Tablet The electoral system/Zu’ama

The electoral system

Lebanon has a district system of voting. Since 1960 there are 26 districts, differing in size and number of seats they have in parliament. The smallest district has 1 seat, the largest 8. Parliament had 99 seats in total, which was increased to 108 in 1989.7 Every seat is fixed to a certain religious sect. Beirut, for instance, is divided into 3 districts; in the third district 1 seat is reserved for a Sunni, 1 for a Shi’ite and one for a minority candidate (a Roman Catholic).8 Every voter has one vote for every seat in the district; however, every candidate only runs against his own sectarian group. This meant that every candidate represented his own sectarian community.


The Lebanese political system is characterised by a patron-client system, that is: a system of personal ties between a political leader called za’im (plural zu’ama) and the voter. The za’im provides services for the client in exchange for political support. These services can consist of getting them a telephone connection or a job, a promotion or protection from the police. The zu’ama were often members of families of landowners like the Karami family (Sunnis from Tripoli) or at least families that were always represented in parliament. Sometimes new leaders emerged where the son took over the political role from the father to create a new dynasty. This happened with the Sunni Ma’rouf Saad and his son Mustapha, for instance.
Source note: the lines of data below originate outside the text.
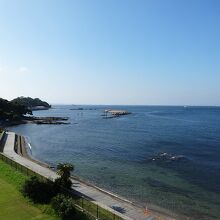 全室オーシャンビューで海が目の前です。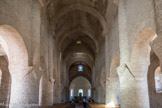 <center>L'église Saint-Martin de Chapaize.</center>  Les lourdes arcades et les murs d’un bel appareil dégagé sont supportés par d'énormes piliers ronds aux impostes en forme de triangles renversés qu’on ne retrouve qu’au scriptorium de l'abbaye Saint-Bénigne de Dijon.
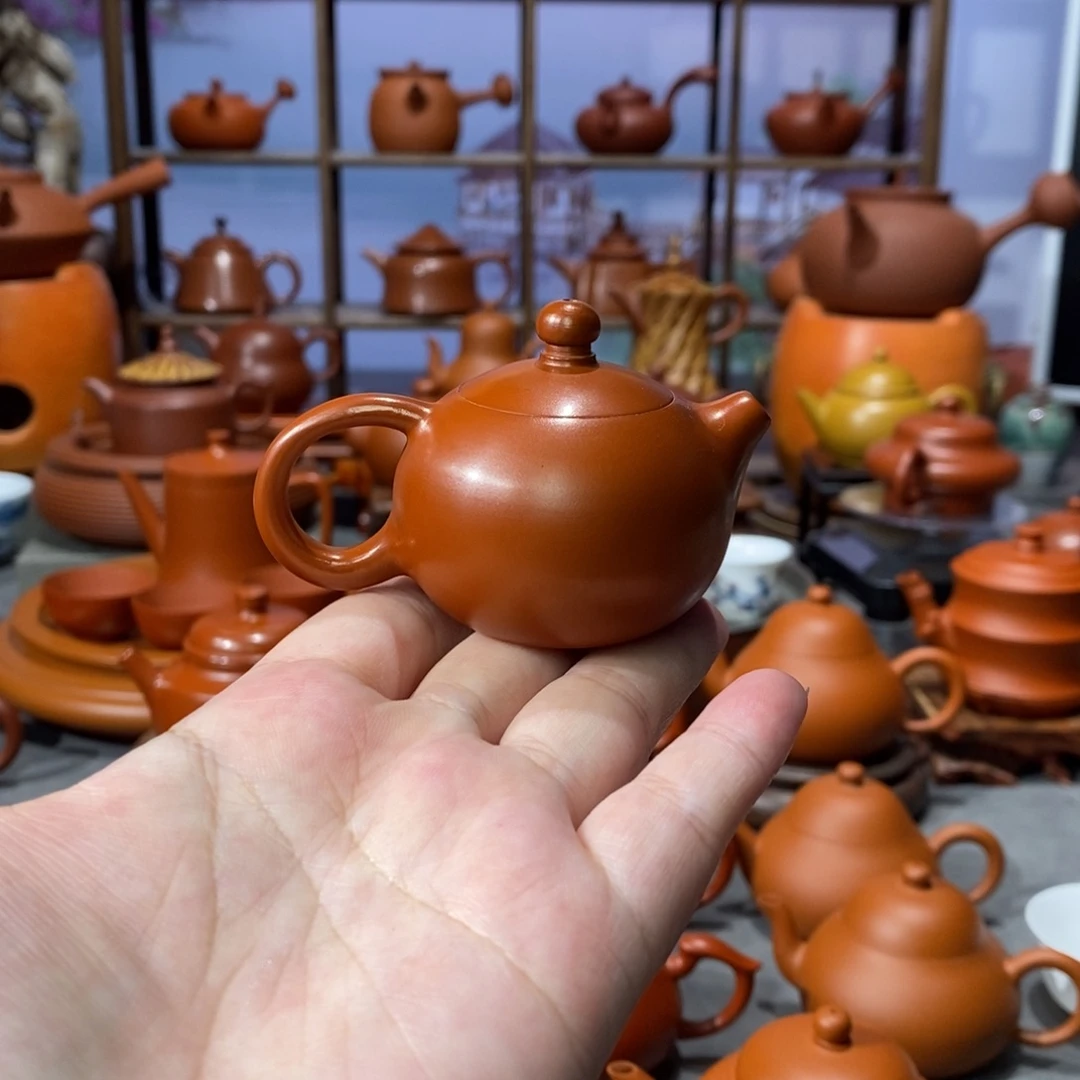 紫砂茶壶吴建辉朱泥小西施50c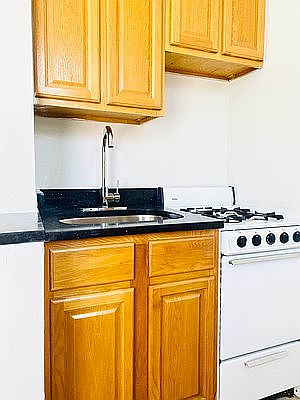 4th image of 1175 Morris Ave #4H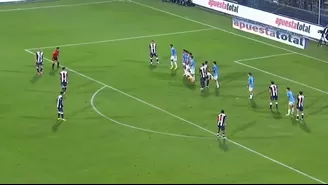 Hernán Barcos sacó un buen disparo para intentar abrir el marcador. / Video: Liga 1
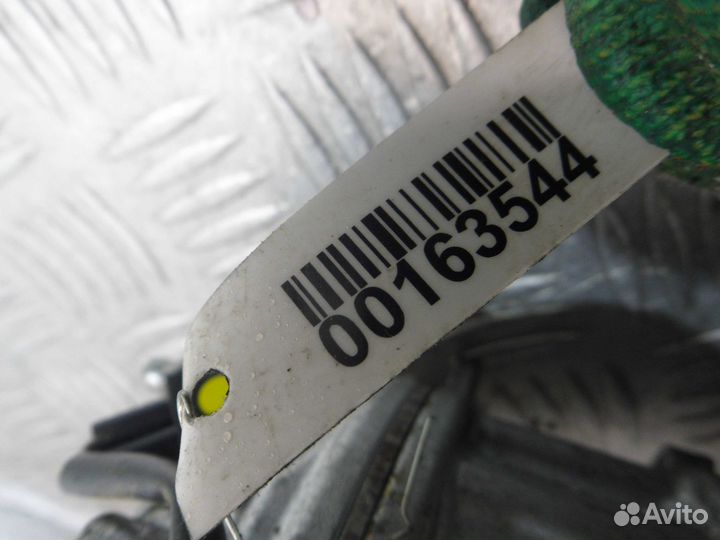 Компрессор системы кондиционирования Mercedes-Benz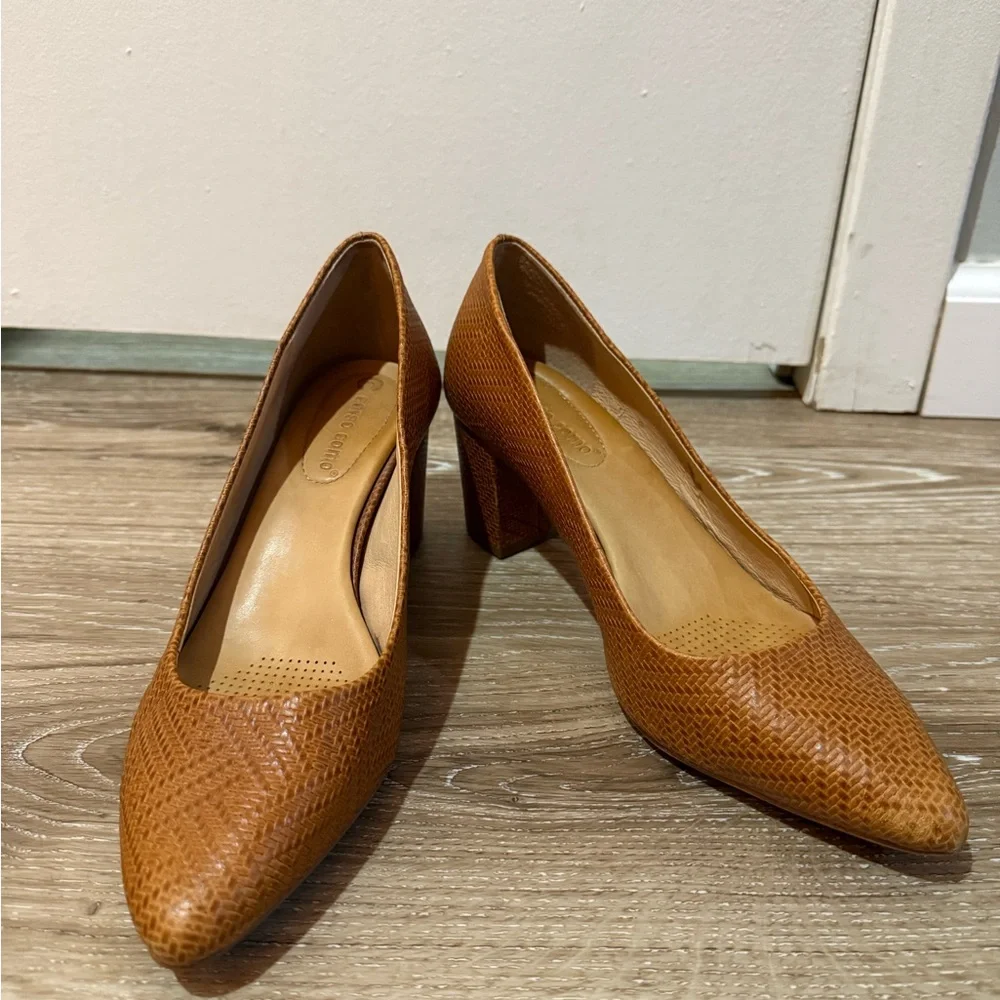 Like New Corso Como Brown Textured Heels - Picture 2 of 8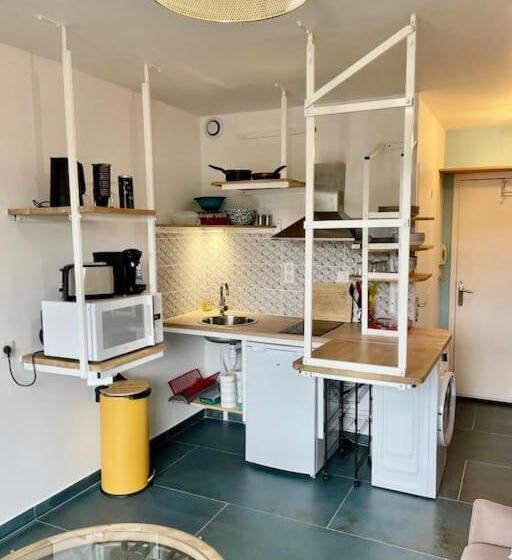 L Acacia   180m De La Plage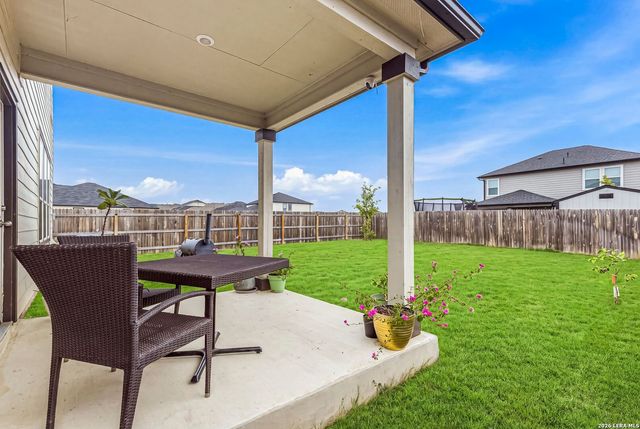 106 E Low Cascade Dr, Boerne, TX 78006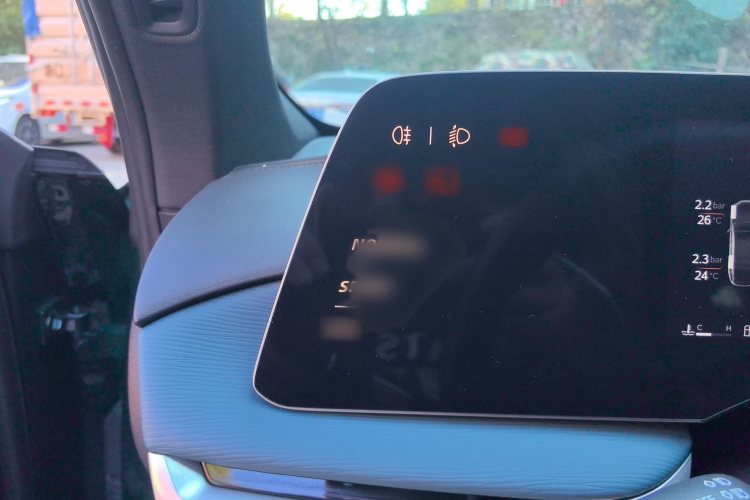 名爵 MG7 2025款 2.0T Trophy+ 超级智驾版中控内饰7006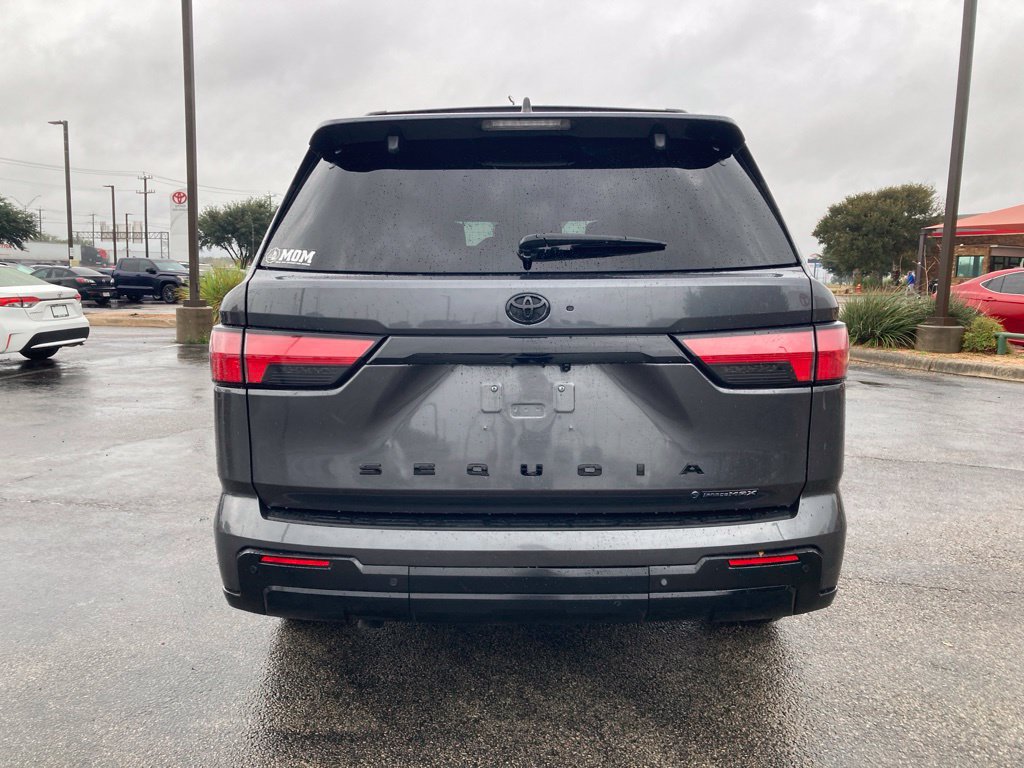 Certified 2025 Toyota Sequoia Platinum AWD/4WD image 6
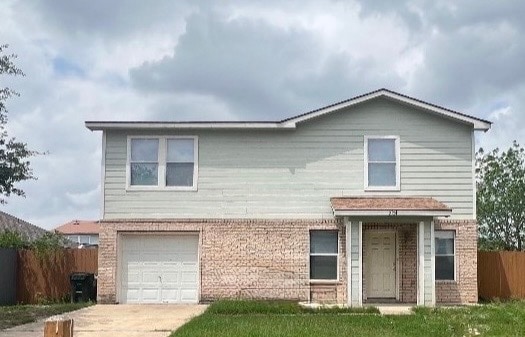 property at 2104 Magnolia St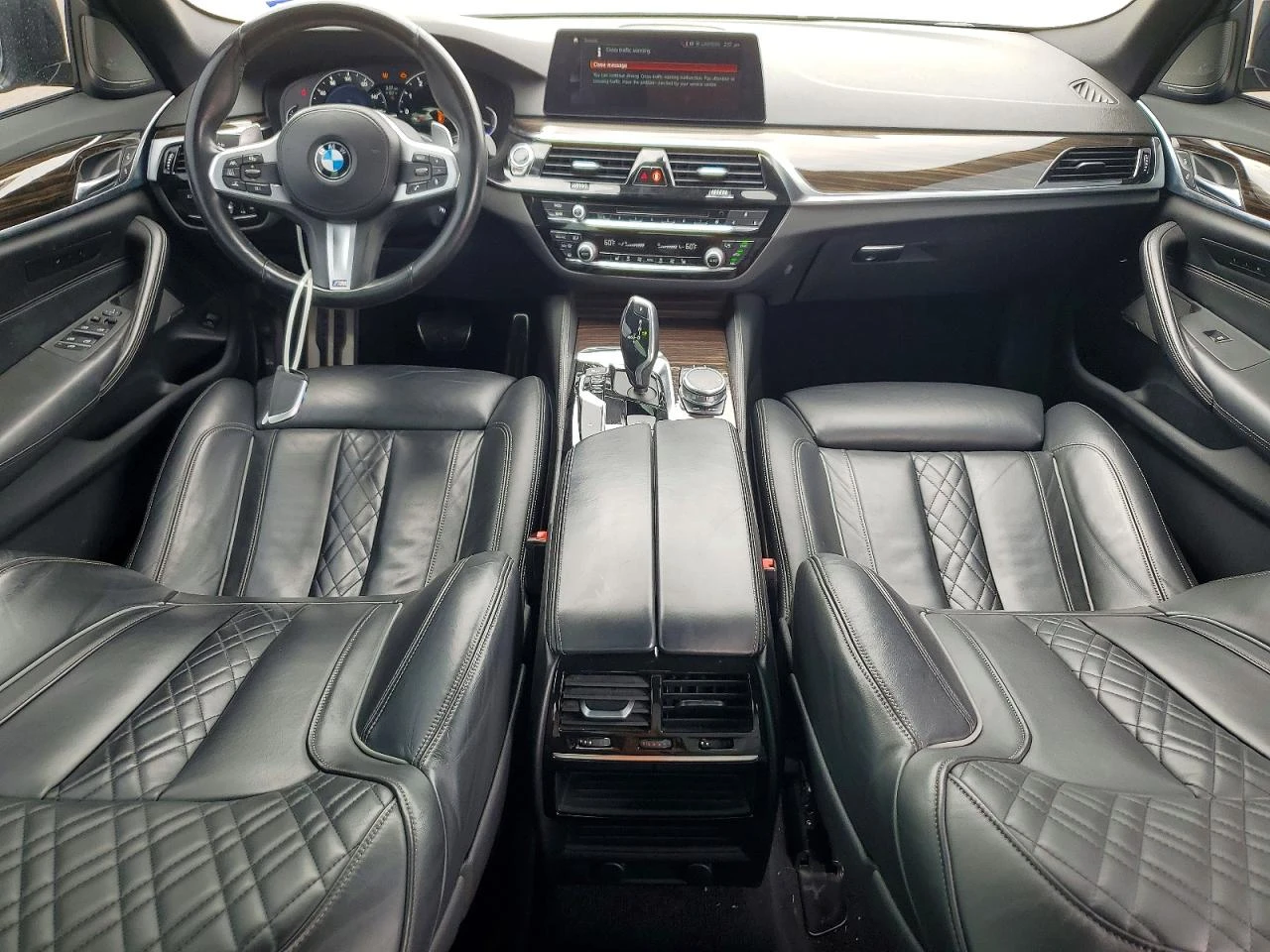 BMW 540 M PACK| DISTRONIC| HARMAN/KARDON| GESTURE| , снимка 8 - Автомобили и джипове - 54867651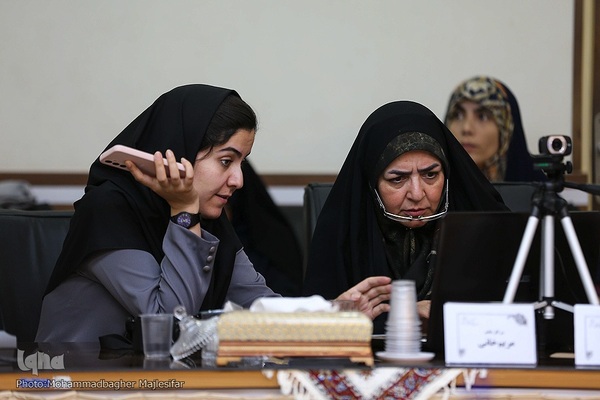 نشست «ادبیات خلاقانه و نوجوان امروز» در دفتر تبلیغات اسلامی اصفهان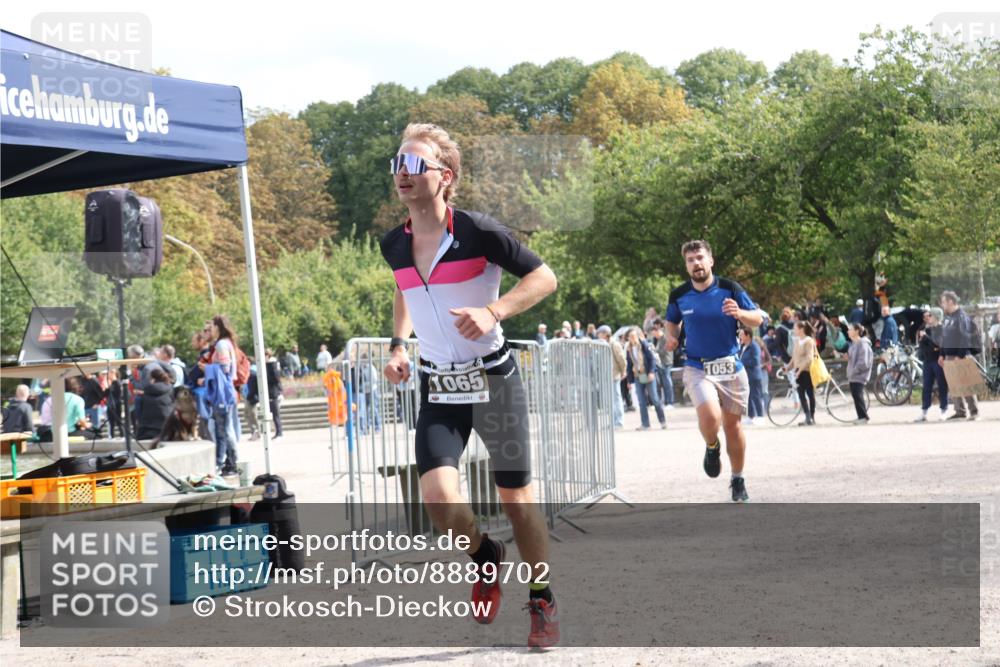14.09.2025 - Stadtparktriathlon Strokosch-Dieckow http://msf.ph/oto/8889702 14.09.2025 12:45:08 Ziel 1053, 1065 meine-sportfotos.de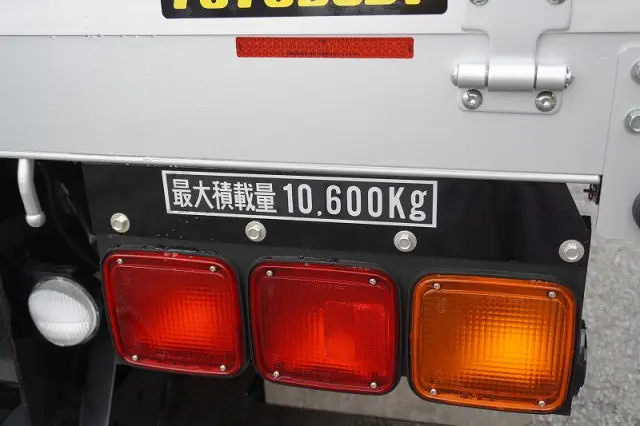 三菱 ファイター 2DG-FQ62F(6x4)の写真22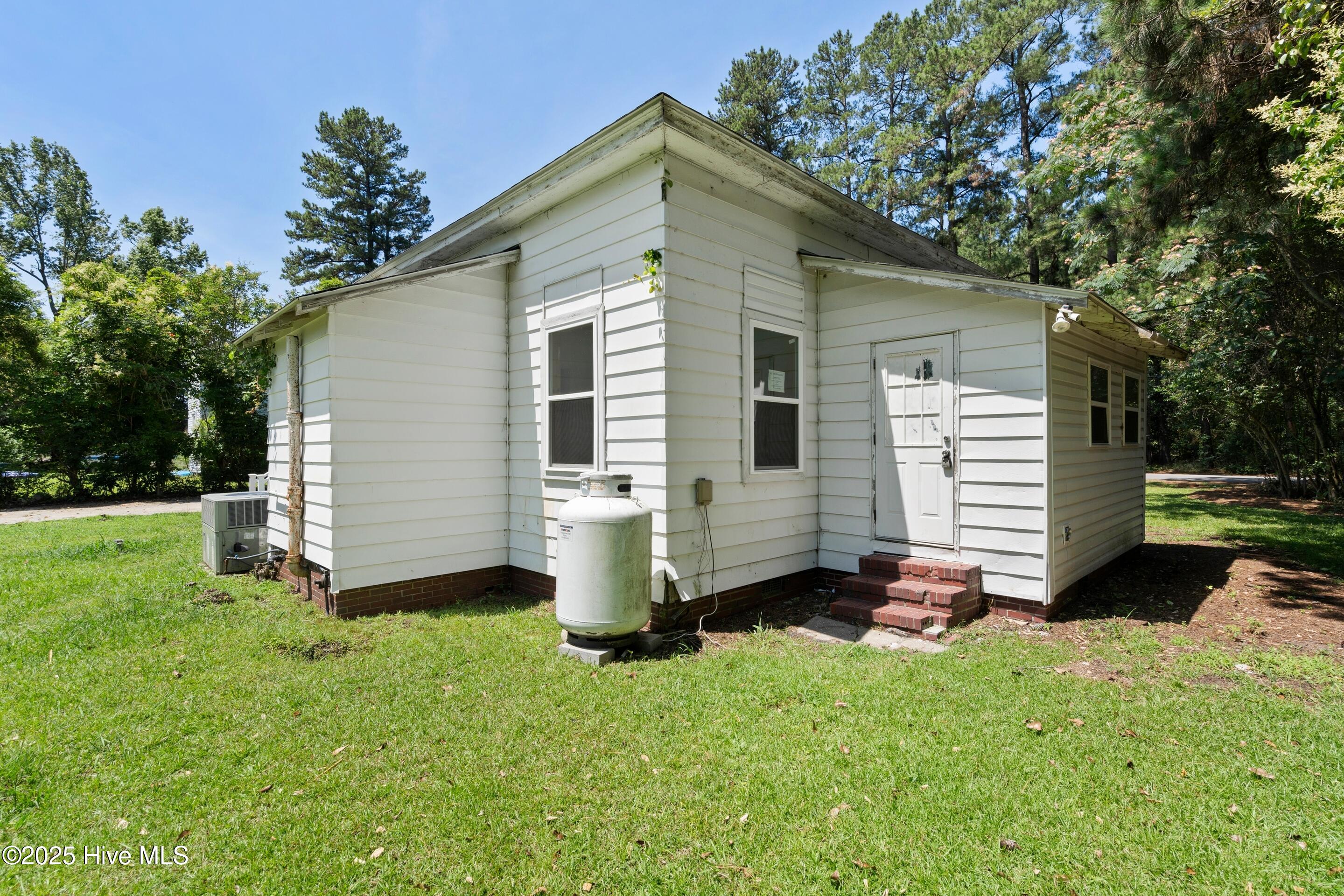 401 Pecan Lane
The za’im had several ways to maintain his clients:
  • He needed to be elected regularly so he could provide services for his clients from the state coffers. The za’im was most effective if he was a member of the government and the result of this was that the composition of the government was changed often so as many leaders as possible could profit.9
  • By providing services from other sources, such as own capital or connections with businessmen or charitable societies.
  • By intimidating voters.
  • By posing as the defender of the interests of his religious community. That meant the za’im represented the point of view of his community in parliament. This was a result of the electoral system.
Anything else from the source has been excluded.